-- EXERCISE DETAILS --
The records are to be copied from the line that contains "this 900×410 image." through their last line, word for word, with every picture left out.

*** Opening SUPPLIED DATA ***

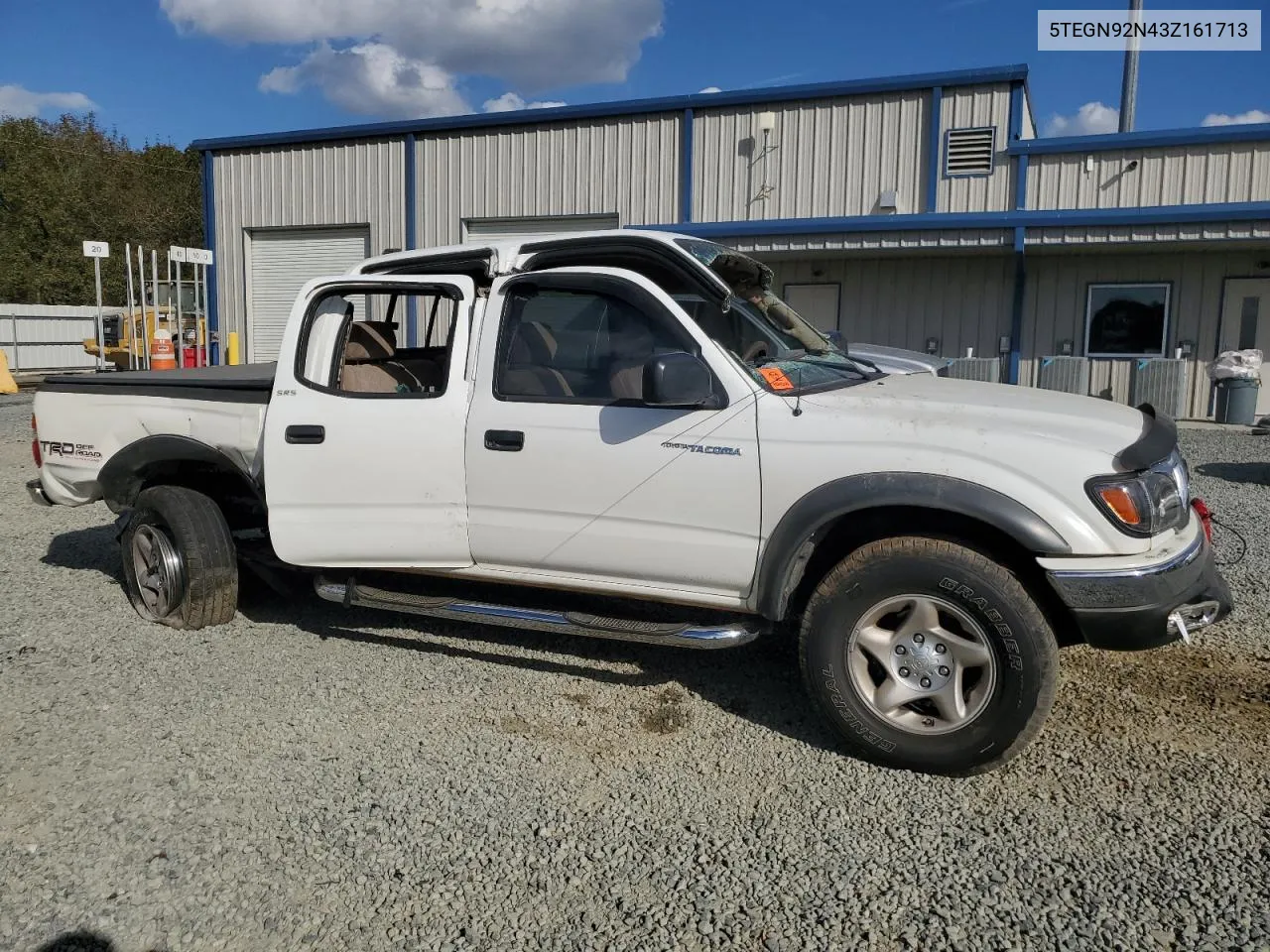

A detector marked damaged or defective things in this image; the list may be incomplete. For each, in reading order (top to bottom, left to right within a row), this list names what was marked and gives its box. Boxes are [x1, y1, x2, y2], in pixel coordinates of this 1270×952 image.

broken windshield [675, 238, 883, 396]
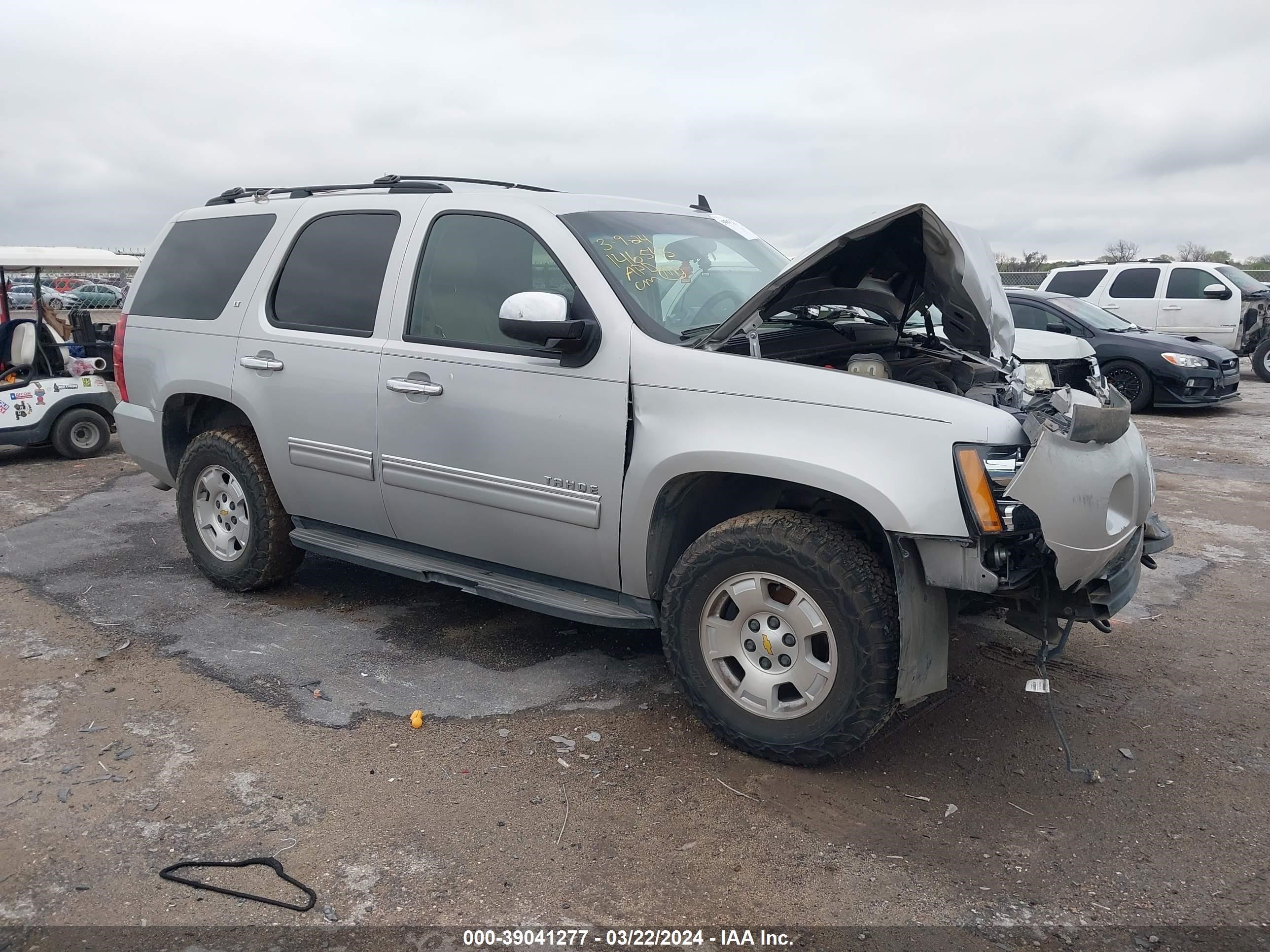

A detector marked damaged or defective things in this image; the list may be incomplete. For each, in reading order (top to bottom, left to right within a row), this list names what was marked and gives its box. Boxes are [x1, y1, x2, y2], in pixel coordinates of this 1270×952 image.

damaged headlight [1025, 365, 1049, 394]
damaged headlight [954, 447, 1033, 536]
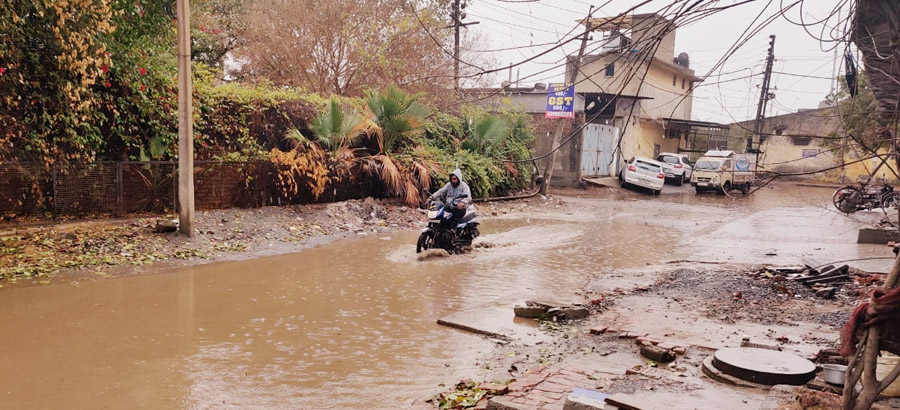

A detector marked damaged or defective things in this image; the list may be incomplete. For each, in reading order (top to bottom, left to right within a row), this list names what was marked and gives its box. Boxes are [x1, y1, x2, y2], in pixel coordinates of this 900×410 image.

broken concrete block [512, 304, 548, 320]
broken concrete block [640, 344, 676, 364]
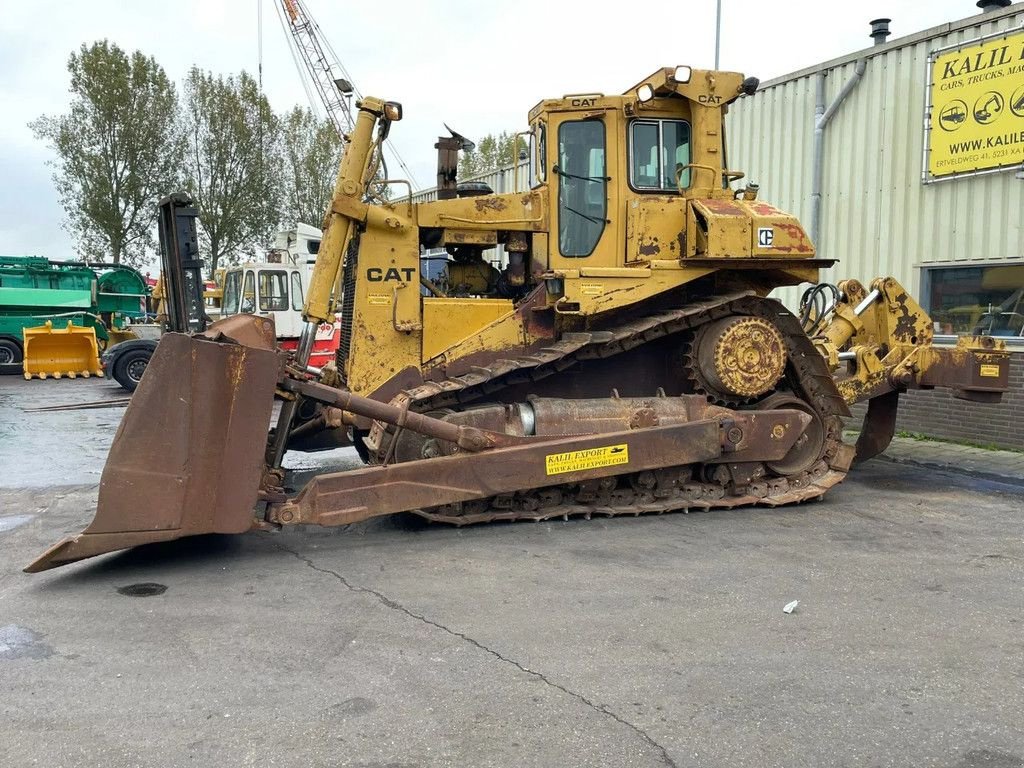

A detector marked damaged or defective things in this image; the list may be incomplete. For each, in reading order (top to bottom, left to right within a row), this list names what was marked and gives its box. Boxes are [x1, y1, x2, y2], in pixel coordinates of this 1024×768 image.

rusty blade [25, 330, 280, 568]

*** Closing SUPPLIED DATA ***

-- EXERCISE RESULT --
A detector marked damaged or defective things in this image; the list may be incomplete. For each, in reading order (top to bottom, left to right within a row), this list names what was marked and gives its box. Boxes are [x1, y1, x2, y2], in pixel coordinates of this 900×410 image.

broken concrete block [512, 304, 548, 320]
broken concrete block [640, 344, 676, 364]

A detector marked damaged or defective things in this image; the list may be incomplete. For each, in reading order (top to bottom, left to right within a row), this list names what was marked and gives its box. Boxes are [x1, y1, x2, y2], in pixel coordinates of this 1024×768 image.

rusty blade [25, 330, 280, 568]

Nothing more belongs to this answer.